Top of Dataset records
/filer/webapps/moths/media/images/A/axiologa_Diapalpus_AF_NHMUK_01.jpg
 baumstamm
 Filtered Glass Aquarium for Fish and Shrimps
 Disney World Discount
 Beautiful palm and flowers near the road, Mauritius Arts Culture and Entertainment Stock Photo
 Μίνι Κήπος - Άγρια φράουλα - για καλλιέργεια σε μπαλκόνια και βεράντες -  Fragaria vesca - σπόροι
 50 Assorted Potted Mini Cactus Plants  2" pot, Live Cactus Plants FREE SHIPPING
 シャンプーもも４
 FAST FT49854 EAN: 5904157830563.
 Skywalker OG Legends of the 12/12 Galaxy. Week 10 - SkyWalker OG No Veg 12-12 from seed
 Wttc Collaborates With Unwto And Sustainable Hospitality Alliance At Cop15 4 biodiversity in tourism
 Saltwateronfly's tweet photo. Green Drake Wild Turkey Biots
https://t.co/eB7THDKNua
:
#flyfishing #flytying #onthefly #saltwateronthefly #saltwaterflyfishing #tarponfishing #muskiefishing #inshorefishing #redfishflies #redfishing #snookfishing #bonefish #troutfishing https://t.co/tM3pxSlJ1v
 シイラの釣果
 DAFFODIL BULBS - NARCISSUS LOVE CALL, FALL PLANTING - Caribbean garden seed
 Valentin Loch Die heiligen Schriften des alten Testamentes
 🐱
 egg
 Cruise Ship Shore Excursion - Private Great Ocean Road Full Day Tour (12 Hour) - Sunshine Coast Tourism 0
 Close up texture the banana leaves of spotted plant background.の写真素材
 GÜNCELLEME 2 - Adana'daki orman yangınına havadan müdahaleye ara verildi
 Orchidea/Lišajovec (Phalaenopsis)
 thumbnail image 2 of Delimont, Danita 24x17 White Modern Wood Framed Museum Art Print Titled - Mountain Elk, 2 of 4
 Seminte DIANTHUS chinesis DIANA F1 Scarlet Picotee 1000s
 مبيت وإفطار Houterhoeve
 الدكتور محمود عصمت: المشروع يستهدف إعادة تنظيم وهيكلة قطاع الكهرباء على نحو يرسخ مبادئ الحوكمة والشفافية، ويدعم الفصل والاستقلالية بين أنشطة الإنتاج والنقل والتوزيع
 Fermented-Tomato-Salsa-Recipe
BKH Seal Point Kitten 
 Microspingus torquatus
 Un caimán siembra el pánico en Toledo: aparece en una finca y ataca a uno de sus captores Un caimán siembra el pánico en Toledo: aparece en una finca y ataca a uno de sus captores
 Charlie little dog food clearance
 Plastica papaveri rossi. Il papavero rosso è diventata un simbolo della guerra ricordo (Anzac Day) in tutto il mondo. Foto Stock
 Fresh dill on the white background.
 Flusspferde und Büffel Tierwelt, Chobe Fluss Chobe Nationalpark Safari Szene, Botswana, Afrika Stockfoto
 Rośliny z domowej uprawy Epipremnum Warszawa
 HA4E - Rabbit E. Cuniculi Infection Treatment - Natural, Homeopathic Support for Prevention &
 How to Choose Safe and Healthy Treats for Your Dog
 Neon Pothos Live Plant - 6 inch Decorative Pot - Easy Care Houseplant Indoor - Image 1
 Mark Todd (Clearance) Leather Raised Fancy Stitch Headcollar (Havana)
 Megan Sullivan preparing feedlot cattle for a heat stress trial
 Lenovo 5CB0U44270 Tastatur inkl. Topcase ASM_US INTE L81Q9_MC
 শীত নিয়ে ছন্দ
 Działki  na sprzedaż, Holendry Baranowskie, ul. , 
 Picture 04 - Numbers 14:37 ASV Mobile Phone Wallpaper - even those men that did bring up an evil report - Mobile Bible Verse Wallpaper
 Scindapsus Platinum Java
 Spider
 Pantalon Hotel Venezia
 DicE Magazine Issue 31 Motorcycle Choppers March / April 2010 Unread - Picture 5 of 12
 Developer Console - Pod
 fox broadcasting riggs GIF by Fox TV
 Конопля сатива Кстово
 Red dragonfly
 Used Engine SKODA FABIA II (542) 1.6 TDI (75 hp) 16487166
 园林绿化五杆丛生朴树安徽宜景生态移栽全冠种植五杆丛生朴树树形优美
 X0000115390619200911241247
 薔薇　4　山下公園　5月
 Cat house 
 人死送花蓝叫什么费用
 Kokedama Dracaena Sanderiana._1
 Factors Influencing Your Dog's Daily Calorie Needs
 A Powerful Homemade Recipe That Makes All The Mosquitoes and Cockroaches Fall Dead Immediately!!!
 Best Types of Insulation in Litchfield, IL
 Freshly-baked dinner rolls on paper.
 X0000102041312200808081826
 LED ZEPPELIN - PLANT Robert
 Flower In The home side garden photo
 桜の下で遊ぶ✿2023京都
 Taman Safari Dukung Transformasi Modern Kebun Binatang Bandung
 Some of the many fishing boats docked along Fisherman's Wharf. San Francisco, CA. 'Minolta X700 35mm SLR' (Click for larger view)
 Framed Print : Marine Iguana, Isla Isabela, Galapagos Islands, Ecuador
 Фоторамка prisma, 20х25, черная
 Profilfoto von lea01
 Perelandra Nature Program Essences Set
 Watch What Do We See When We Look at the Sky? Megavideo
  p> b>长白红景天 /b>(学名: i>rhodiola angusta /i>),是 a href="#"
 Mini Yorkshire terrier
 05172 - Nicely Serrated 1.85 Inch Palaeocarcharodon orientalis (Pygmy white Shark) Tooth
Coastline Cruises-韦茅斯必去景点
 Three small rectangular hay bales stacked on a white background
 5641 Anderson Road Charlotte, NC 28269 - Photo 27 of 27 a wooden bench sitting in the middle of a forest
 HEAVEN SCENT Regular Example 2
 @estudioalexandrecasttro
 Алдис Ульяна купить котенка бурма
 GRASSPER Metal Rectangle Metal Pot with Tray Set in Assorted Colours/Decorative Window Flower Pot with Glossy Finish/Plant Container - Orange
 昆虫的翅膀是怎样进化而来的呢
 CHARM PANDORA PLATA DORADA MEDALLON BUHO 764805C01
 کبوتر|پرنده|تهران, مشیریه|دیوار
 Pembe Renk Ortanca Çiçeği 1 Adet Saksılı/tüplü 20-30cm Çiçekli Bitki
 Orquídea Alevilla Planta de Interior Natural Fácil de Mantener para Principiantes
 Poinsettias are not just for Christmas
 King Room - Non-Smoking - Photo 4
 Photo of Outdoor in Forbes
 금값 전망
Bottom of Dataset records
What needs to be done: Copy exactly the opening line of the material, the line bearing "Beautiful palm and", and every line between them. Include nothing else.

Exercise result:
/filer/webapps/moths/media/images/A/axiologa_Diapalpus_AF_NHMUK_01.jpg
 baumstamm
 Filtered Glass Aquarium for Fish and Shrimps
 Disney World Discount
 Beautiful palm and flowers near the road, Mauritius Arts Culture and Entertainment Stock Photo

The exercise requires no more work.